Nvidia is reportedly developing an internal robotaxi project, according to 36Kr. The plan was announced at a recent company meeting and will be led by senior director Ruchi Bhargava.

People familiar with the matter said the new initiative will follow a single-stage “end-to-end” technology route, in which one neural network is trained and reinforced through simulation-generated world models. This approach is likely similar to Tesla’s “Full Self-Driving” (FSD) system.

In January, Nvidia introduced Cosmos, its world foundation model. The platform integrates text, image, video, and sensor data to generate synthetic video that conforms to physical laws. The model has already been pretrained on more than 20 million hours of data.

Cosmos’ main advantage lies in its ability to create complex driving scenarios that are difficult to reproduce in the real world, expanding the boundaries of autonomous driving capabilities. The direction is already gaining traction in the industry, with Chinese automakers Li Auto and Xpeng developing their own world models.

Nvidia has also partnered with General Motors, Mercedes-Benz, and Toyota to co-develop or deploy autonomous fleets powered by its technology. In May, CEO Jensen Huang said that the Level 4 autonomous fleet built with Mercedes-Benz would launch this year.

However, the new robotaxi effort is a separate project. “The company plans to invest USD 3 billion and launch operations in the US,” one person close to the project told 36Kr, adding that budget allocations and objectives are becoming clearer in team discussions.

Not late to the robotaxi race

Huang has repeatedly said that autonomous vehicles represent not only the first major commercial application of robotics but also a sector with significant economic potential. The US robotaxi market appears to support that view, showing signs of acceleration in 2025. Waymo, a leading player, expanded commercial operations to two additional cities, including Austin, and is preparing pilot programs with safety drivers in six more, such as Denver. As of April, Waymo provided more than 250,000 paid rides per week in the US.

Tesla launched its robotaxi service in Austin, Texas, and the San Francisco Bay Area in September. Investors noted that Tesla’s robotaxi app downloads on launch day exceeded Uber’s by roughly 40% and were six times higher than Waymo’s historical peak.

Regulatory changes are also paving the way for growth. The US National Highway Traffic Safety Administration (NHTSA) plans to propose amendments in 2026 that would remove existing rules requiring human drivers and manual controls, enabling robotaxis to adopt vehicle designs without steering wheels. The NHTSA also pledged to shorten the review period for autonomous vehicle exemptions from years to months to speed up deployment.

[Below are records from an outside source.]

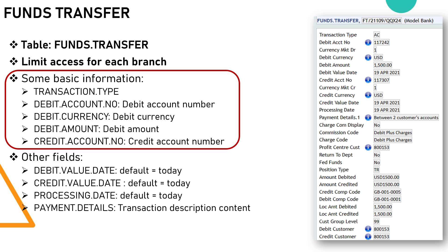The minimum required fields for creating a Funds Transfer transaction are: Transaction Type, which classifies the transaction and defines specific characteristics based on configuration settings; Debit Account Number, the account number from which funds are debited; Credit Account Number, the account number where funds are credited; Debit Currency; and either Debit Amount or Credit Amount — only one of these fields should be filled, depending on the transaction scenario.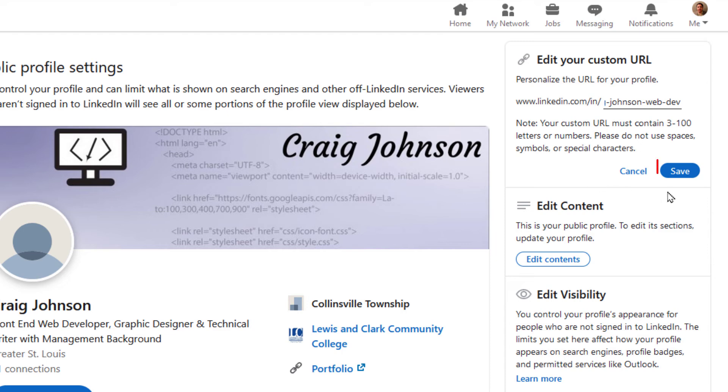Then you would just click on save and that would be it. That is how you create a custom URL for LinkedIn. Thanks for watching.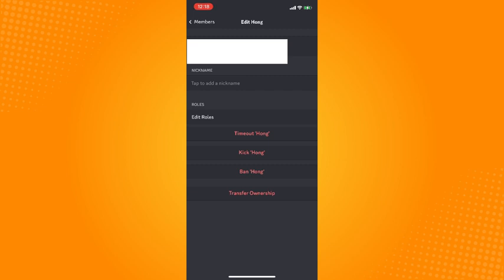If you tap on that, you will see on the bottom part transfer ownership there. You will see time out, kick, ban, or transfer ownership. Since we want to transfer the ownership, we tap on transfer ownership.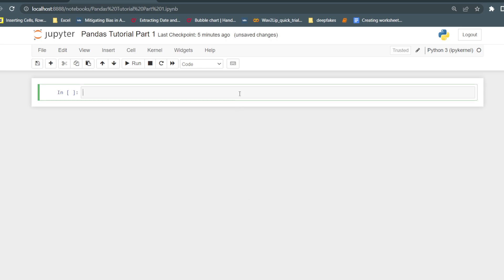So this is Part 1. First we will see how we can import pandas. Before using pandas in our notebook we should first import pandas. I have opened this Jupyter notebook. Now in this I will write 'import pandas'. Import pandas means we are importing the pandas library. Pandas is a very long name, so whenever we are using pandas with any function we have to call it using 'pandas dot the name of the function'.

Despite these developments, the industry remains early in its commercialization phase. Waymo operates about 700 vehicles in the US, while Tesla’s initial fleet in Austin consists of only a few dozen. The debate between Waymo’s and Tesla’s differing technological paths, and how Level 4 autonomy will mature, remains unresolved. The current momentum represents a phase of intensive validation rather than a fully developed market.

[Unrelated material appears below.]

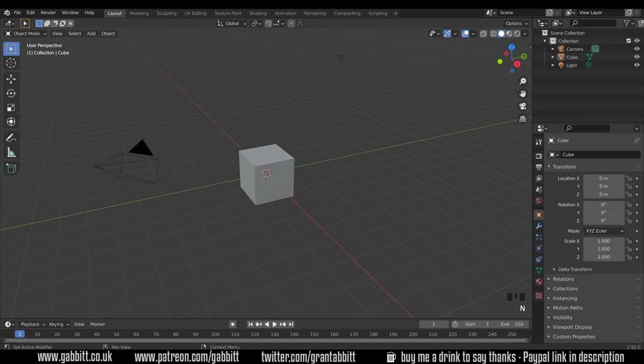I'm using Blender 2.92. My shortcut keys will be displayed down at the bottom. So let's begin.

For Nvidia, its core strength remains in chips and computing ecosystems, not in fleet operations. “You can think of the robotaxi project as Nvidia’s training ground,” a person close to the team told 36Kr. “In embodied intelligence, large models are widely accepted as the core technology. But in practice, deploying and fine-tuning them in autonomous vehicles is still challenging. Nvidia wants to strengthen that engineering capability.”

Catching up through experimentation

Nvidia began developing autonomous driving software in 2015, but it has yet to release a high-level driving system for mass market vehicles. In 2020, it partnered with Mercedes-Benz to provide artificial intelligence architecture, including an autonomous driving solution and an intelligent cockpit for the automaker’s next-generation vehicles.

According to 36Kr, Mercedes-Benz executives drove from Los Angeles to San Francisco in June 2024 to test Nvidia’s and Momenta’s driver assistance systems over a thousand kilometers. After four years of Nvidia’s work, Momenta’s software, which was tuned in just one month, reportedly performed better. As a result, Mercedes replaced Nvidia with Momenta for assisted driving in several of its models in China.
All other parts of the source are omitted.